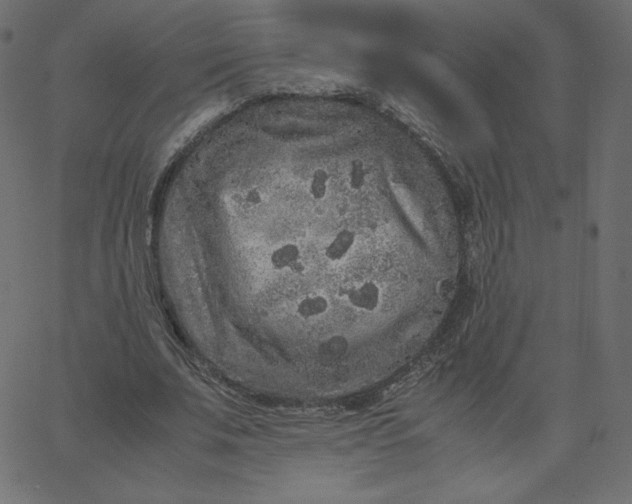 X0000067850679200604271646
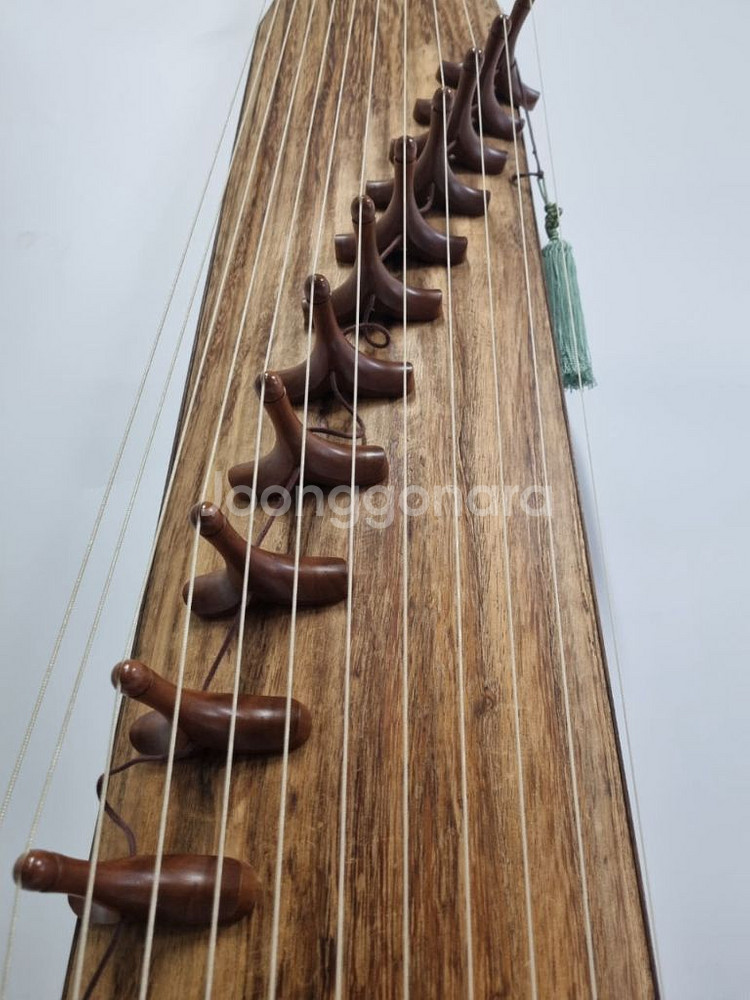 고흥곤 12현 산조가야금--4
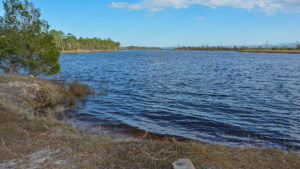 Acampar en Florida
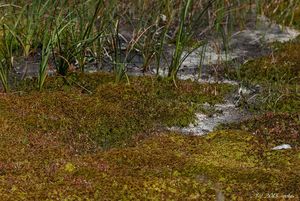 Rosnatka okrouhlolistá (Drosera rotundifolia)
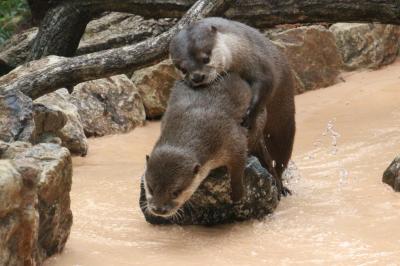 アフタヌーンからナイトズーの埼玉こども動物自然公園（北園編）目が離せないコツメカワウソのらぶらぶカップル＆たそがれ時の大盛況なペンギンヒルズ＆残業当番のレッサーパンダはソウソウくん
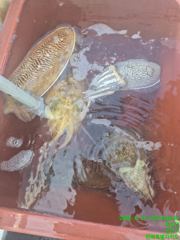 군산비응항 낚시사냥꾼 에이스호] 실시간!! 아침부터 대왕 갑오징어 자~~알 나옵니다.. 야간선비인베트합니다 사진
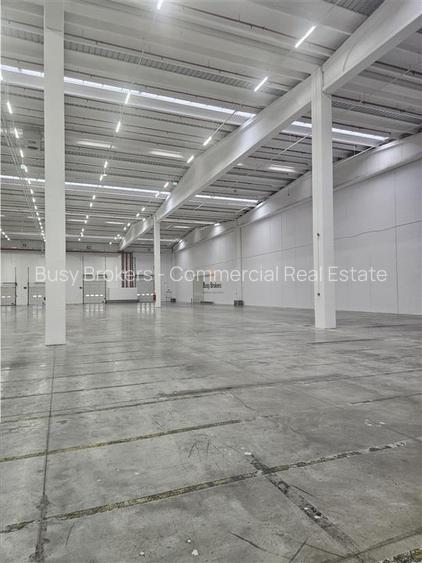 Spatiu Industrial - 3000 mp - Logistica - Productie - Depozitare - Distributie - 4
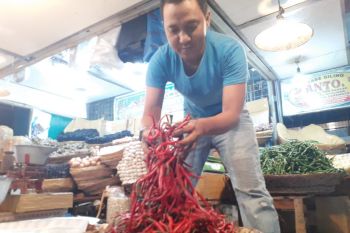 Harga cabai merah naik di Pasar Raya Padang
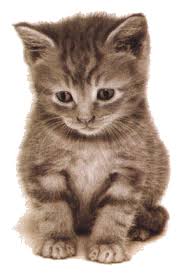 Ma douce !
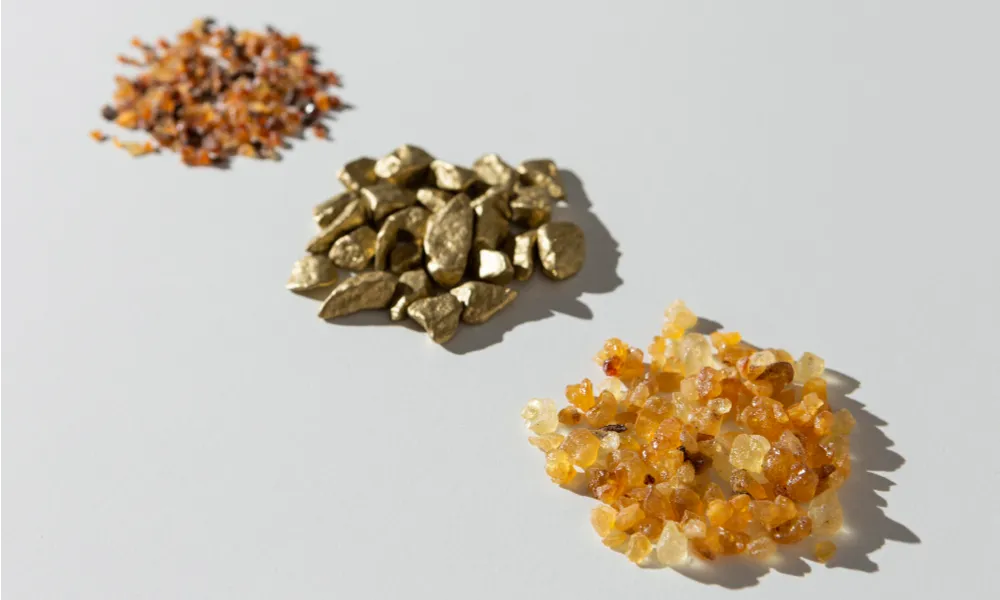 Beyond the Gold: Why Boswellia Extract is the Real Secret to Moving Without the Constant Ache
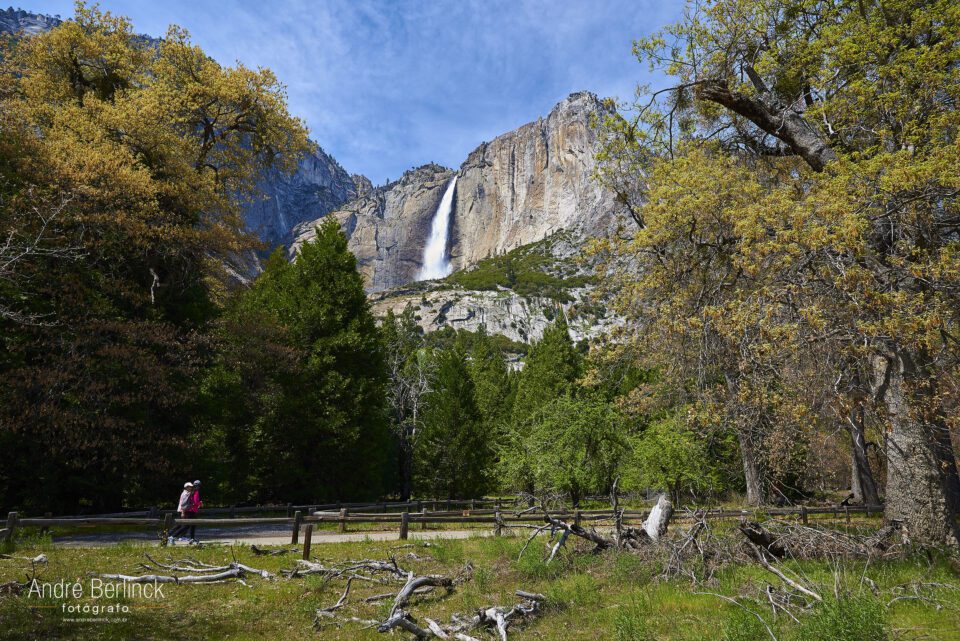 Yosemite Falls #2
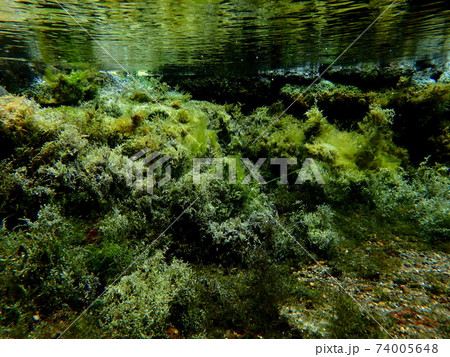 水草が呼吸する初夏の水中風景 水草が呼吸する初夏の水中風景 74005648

================================

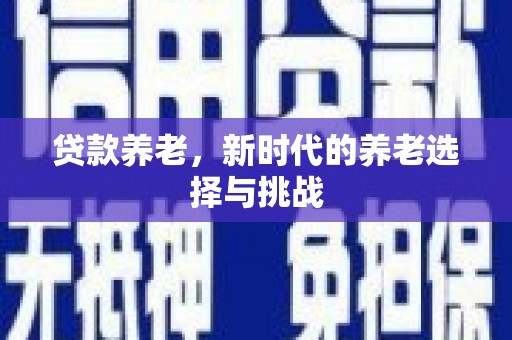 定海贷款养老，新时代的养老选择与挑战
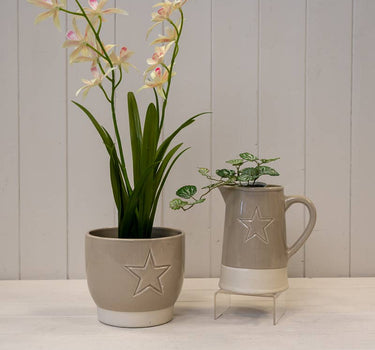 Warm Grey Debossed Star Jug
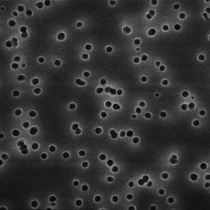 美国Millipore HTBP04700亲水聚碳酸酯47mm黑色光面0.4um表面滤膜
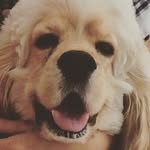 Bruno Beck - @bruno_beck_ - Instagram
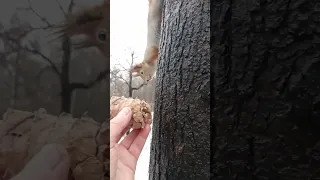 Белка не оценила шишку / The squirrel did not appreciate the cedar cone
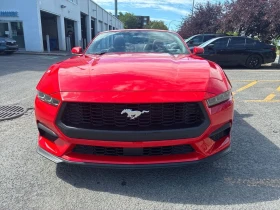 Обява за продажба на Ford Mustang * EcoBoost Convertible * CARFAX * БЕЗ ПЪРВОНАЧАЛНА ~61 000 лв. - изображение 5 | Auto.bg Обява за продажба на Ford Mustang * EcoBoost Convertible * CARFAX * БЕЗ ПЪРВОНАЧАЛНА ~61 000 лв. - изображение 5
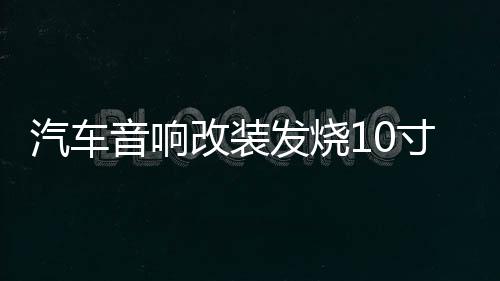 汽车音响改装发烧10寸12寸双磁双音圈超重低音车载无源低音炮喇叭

================================

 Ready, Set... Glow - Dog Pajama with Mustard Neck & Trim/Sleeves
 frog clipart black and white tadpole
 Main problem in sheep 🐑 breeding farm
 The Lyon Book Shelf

================================

▶ **Directions for this task**:
Reproduce exactly the lines above starting at the line containing "X0000067850679200604271646" and ending at the line containing "水草が呼吸する初夏の水中風景 水草が呼吸する初夏の水中風景 74005648", including both, but not the pictures.

▶ **Task result**:
 X0000067850679200604271646
 고흥곤 12현 산조가야금--4
 Acampar en Florida
 Rosnatka okrouhlolistá (Drosera rotundifolia)
 アフタヌーンからナイトズーの埼玉こども動物自然公園（北園編）目が離せないコツメカワウソのらぶらぶカップル＆たそがれ時の大盛況なペンギンヒルズ＆残業当番のレッサーパンダはソウソウくん
 군산비응항 낚시사냥꾼 에이스호] 실시간!! 아침부터 대왕 갑오징어 자~~알 나옵니다.. 야간선비인베트합니다 사진
 Spatiu Industrial - 3000 mp - Logistica - Productie - Depozitare - Distributie - 4
 Harga cabai merah naik di Pasar Raya Padang
 Ma douce !
 Beyond the Gold: Why Boswellia Extract is the Real Secret to Moving Without the Constant Ache
 Yosemite Falls #2
 水草が呼吸する初夏の水中風景 水草が呼吸する初夏の水中風景 74005648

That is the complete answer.